Click to see the map showing the View Points, and how to get to them. There are of course lots more ways that are not shown.

Top of the Golf Course - The Trig Point

Looking north on November day

Looking north on a fine clear day one can just see the tip of the top of Ben Lomond [not in this photo], the Campsies, further afield. 

You can get up the hill a number of ways:

  • From the golf course, walk up the track through the course - it is a public path - but please give way to golfers. Once round the corner at the top take a small path to the right - up a few steps - and at the top walk up to the top of the bank by the greens.
  • From the top of the pine wood across the road there is a woodland path up through the trees.
  • From the hard "Zig Zag" path, either cut across up the field to the top corner, or one you get into the wood, take the woodland path up to the left.

The small trees around the Trig Point have been cleared [late November 2016]. In 2016, The BBC collected some fantastic photographs of them: http://www.bbc.co.uk/news/in-pictures-36036561.

What Can be seen from the Trig Point

The big question is what other points were surveyed from this one - or what are the peaks that you can see from it ? Its status is recorded here: http://trigpointing.uk/trig/4427, which gives all the information about the Trig Point - Height: 84.996 Meters.

The BIG question is "What can be seen from the Trig Point". That is a difficult one, but an easier one is for example: "Can I see Ben Lomond", or wherever.

The answer is YES, one can see Ben Lomond on a clear day. There is a fantastic web site which can answer this type of question: Click here: http://www.heywhatsthat.com/?view=MJKA4F0M. It is easy to use: we suggest that you use it like this:

  • Click on the link to the web site. On the map spot the Purple X, which is the Trig Point.
  • Now use the map - it is an interactive Google Map. Zoom in or out, and locate what you think you might see. Click on the place. 
  • The "horizon" is represented by the top graph. Click a little to the left of the "E" and that is the Cathkin Braes.
  • Enjoy: and NO one cannot see Ben Nevis !

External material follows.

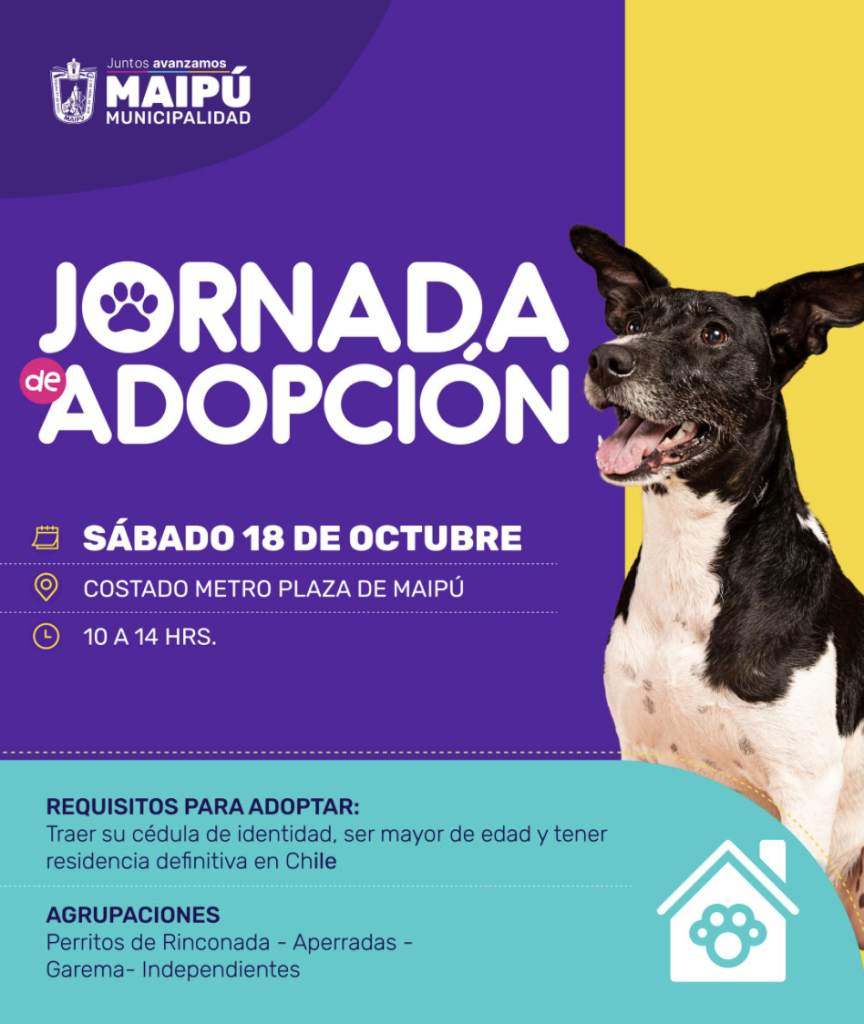 Jornada de adopción en Maipú: dale una nueva oportunidad de vida a perros y gatos rescatados 2 Captura de pantalla 2025 10 18 a las 9.33.16 a.m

Thanks to Ian Harris who runs the Trig Point web site for pointing us in the right direction....

Top of the Field

This is a great place for a pic-nic or barbecue. Someone has evern put a rubbish bin near by - tho unsurprisingly the Parks Department do not empty it.

Not only is the view great, but a sense of being above the worls prevails - its very peaceful, except in a gale.

Top of the Meadow

There are great views to the South and West from where the "Zig Zag" path enters and leaves the top wood.

Court Knowe

Court Knowe - What you can see

The best description of the view at Court Knowe is the information board pointing out the major sites. It is just to the west [or left if you are looking north] of the monument.

However don't be disappointed in the summer: because of the foliage on the trees you are unlikely to see beyond the edge of the park ! Best time is a clear winter day.